On Fri, Jun 05, 2015 at 10:57:03AM +0000, Wan, Kaike wrote:
> > Why doesn't this follow the usual netlink usage idioms? I don't
> > see a single nla_put or nla_nest_start, which, based on the RFC,
> > is what I expect to see. Don't home brew net link message
> > construction without a really great reason.
>
> The only reason why we did not use nla_put is to avoid data
> copying. For example, to translate the input struct ib_sa_path_rec
> into struct ib_user_path_rec, we directly use the skb buffer
> reserved for the pathrecord attribute as the destination
> (ib_nl_set_path_rec_attr()) of ib_copy_path_rec_to_user, which is
> essentially the guts of nla_put. To use nla_put directly, we would
> have to use a temp buffer to hold ib_user_path_rec and then copy it
> to the skb.
Okay, but isn't that what nla_reserve is for?
> > I am very surprised to see this layered under send_mad, all the
> > context is lost at that point, and it makes it impossible to
> > provide all the non-IB context (IP addrs, netdevs, QOS, etc)
>
> As Sean pointed out in a separate e-mail, this provides benefits to
> more applications.

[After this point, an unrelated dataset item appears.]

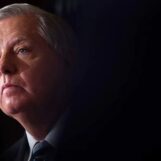 Lindsey Graham s'est opposée aux droits LGBTQ+. Trois hommes disent qu'il les a payés pour du sexe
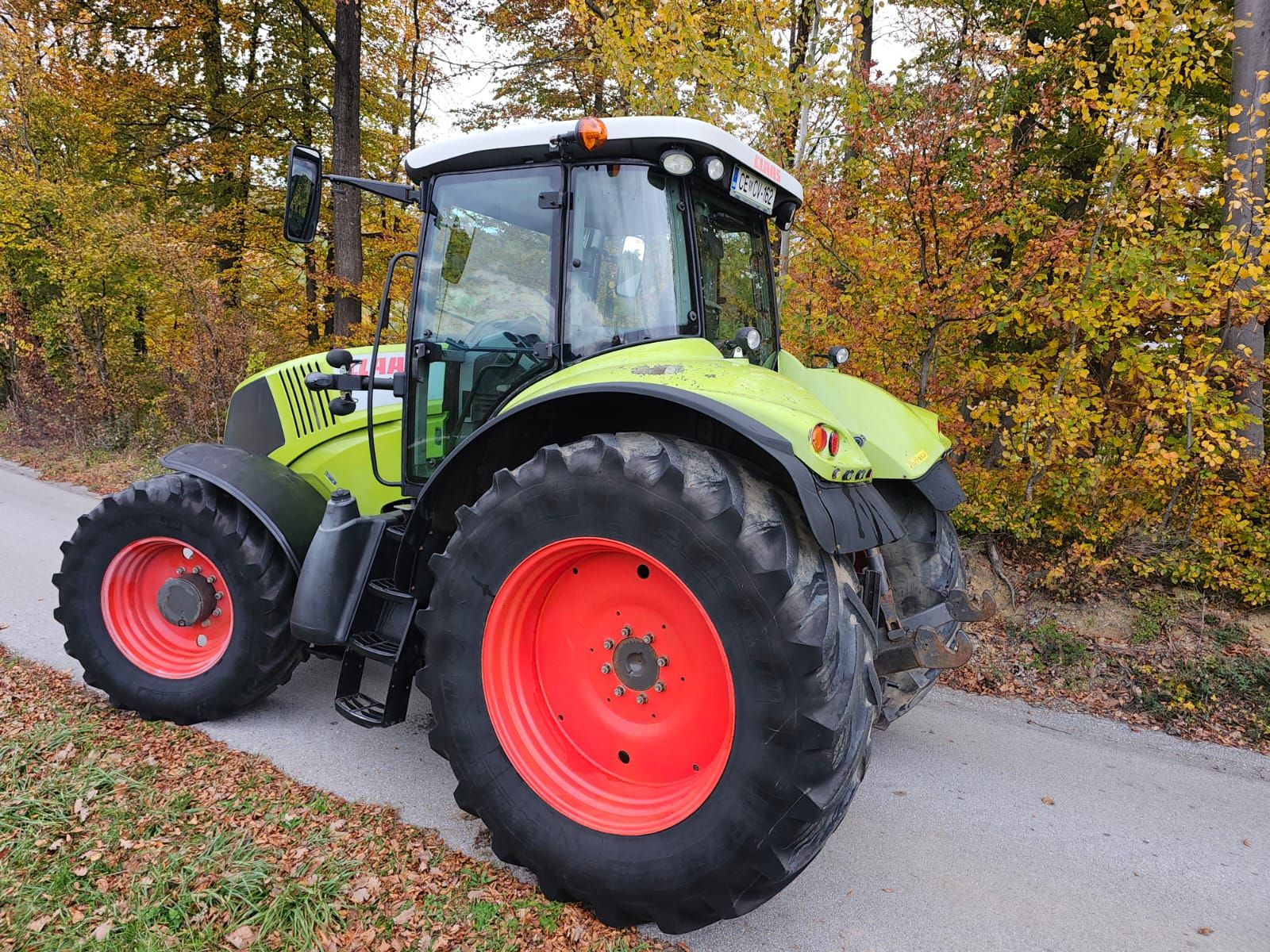 Claas Axion 820 C-Matic 2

Currently, rdma_cm, ipoib, and SRP calls
> ib_sa_path_rec_get() to query pathrecord.
Yes, I saw Sean's comment, and I am glad we all understand there are
only 3 callers. And looking at the callers there are only a small
number of elements being used:
rdma cm:
IB_SA_PATH_REC_DGID | IB_SA_PATH_REC_SGID |
IB_SA_PATH_REC_PKEY | IB_SA_PATH_REC_NUMB_PATH |
IB_SA_PATH_REC_REVERSIBLE | IB_SA_PATH_REC_SERVICE_ID;
IB_SA_PATH_REC_QOS_CLASS;
IB_SA_PATH_REC_TRAFFIC_CLASS
ipoib:
IB_SA_PATH_REC_DGID |
IB_SA_PATH_REC_SGID |
IB_SA_PATH_REC_NUMB_PATH |
IB_SA_PATH_REC_TRAFFIC_CLASS |
IB_SA_PATH_REC_PKEY,
srp:
IB_SA_PATH_REC_SERVICE_ID |
IB_SA_PATH_REC_DGID |
IB_SA_PATH_REC_SGID |
IB_SA_PATH_REC_NUMB_PATH |
IB_SA_PATH_REC_PKEY,
So, rather than a SA mad in netlink, I'd suggest actually using
extensible netlink here and define the query cleanly using nested
attributes:
RDMA_OP_RESOLVE (request)
GIDS
SERVICE_ID
QOS/TCLASS
PKEY
QP TYPE (aka reversible)
RDMA_OP_RESOLVE (reply)
IB_PATH
IB_PATH
IB_PATH
This could probably still be done under send_mad, and if you don't
want to finish the job then that is probably fine.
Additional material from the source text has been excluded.